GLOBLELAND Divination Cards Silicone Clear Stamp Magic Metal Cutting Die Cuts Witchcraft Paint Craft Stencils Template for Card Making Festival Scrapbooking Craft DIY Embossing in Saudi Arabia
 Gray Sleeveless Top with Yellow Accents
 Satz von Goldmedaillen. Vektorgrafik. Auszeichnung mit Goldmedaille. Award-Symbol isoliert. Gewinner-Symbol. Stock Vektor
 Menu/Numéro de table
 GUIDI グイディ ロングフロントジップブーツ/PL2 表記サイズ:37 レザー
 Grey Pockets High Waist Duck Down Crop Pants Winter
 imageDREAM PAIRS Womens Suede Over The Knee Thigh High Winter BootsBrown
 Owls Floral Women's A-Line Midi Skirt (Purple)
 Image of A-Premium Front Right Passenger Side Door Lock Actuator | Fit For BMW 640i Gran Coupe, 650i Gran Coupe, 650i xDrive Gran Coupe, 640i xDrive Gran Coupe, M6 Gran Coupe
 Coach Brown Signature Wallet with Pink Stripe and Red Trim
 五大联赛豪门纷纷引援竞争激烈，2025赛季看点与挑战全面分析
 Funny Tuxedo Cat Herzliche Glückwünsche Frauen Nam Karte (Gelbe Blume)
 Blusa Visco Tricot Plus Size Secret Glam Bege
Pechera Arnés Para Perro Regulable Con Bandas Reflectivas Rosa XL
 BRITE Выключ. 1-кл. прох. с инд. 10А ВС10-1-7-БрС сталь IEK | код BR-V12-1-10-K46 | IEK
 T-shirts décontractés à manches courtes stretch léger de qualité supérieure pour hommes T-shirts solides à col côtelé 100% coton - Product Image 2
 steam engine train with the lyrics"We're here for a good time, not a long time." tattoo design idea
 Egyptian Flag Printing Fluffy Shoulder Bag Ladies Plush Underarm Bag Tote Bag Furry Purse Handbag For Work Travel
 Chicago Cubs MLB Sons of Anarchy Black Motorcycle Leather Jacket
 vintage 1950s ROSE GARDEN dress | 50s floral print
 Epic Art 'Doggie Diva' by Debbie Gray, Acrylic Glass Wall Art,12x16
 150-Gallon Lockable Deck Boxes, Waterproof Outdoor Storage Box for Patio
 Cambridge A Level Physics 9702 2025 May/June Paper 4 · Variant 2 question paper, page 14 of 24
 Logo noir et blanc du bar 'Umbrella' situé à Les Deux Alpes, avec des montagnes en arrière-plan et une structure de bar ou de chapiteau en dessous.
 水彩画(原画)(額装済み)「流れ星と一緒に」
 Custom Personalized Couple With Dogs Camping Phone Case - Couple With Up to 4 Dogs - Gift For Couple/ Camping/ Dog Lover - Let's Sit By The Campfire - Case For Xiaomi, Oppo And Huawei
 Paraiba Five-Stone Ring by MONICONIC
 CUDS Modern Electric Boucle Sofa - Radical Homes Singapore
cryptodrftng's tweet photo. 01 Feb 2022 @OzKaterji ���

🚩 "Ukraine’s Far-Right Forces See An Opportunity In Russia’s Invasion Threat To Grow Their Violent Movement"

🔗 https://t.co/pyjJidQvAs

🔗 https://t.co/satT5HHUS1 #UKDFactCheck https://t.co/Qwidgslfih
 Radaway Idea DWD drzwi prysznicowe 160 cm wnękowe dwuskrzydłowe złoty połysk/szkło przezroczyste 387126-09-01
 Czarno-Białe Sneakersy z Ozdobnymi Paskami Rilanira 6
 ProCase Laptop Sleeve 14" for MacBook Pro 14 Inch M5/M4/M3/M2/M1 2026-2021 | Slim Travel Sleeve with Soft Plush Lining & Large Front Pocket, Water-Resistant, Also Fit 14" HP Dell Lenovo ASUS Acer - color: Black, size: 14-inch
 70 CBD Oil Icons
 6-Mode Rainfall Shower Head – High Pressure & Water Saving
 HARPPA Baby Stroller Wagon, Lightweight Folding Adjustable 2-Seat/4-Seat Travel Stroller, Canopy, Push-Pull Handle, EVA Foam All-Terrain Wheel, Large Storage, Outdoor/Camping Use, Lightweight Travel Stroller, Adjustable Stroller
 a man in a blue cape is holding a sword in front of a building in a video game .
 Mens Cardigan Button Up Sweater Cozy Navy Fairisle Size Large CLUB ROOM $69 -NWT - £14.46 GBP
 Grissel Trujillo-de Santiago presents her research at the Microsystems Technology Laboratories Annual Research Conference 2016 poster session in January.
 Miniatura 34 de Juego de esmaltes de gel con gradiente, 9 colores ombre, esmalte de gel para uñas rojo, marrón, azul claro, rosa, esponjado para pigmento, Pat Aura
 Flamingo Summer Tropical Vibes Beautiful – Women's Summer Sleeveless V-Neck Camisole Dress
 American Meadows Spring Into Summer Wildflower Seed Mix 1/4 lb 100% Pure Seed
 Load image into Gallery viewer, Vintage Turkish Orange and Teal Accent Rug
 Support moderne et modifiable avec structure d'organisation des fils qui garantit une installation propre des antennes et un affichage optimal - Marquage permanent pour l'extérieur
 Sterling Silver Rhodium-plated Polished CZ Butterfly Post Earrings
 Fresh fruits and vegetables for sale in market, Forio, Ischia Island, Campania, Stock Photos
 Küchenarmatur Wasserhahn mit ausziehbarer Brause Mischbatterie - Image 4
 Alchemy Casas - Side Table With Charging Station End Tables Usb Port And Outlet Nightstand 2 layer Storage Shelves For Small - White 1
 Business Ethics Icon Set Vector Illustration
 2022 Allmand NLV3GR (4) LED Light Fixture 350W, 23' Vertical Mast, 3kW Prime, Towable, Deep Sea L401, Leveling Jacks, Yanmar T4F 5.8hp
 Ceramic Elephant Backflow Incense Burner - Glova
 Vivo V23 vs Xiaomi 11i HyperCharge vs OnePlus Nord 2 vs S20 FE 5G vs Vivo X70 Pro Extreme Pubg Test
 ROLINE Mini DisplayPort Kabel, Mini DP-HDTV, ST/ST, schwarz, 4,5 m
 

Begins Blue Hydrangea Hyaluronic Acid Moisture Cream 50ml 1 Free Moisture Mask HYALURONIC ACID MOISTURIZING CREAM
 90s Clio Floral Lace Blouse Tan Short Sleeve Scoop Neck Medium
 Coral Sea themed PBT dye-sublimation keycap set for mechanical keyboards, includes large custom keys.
====================
→ **WORK TASK**
Take the line with "90s Clio Floral" and all lines after it through the end of the records, and write them out exactly; include nothing else.

→ **OUTPUT**
 90s Clio Floral Lace Blouse Tan Short Sleeve Scoop Neck Medium
 Coral Sea themed PBT dye-sublimation keycap set for mechanical keyboards, includes large custom keys.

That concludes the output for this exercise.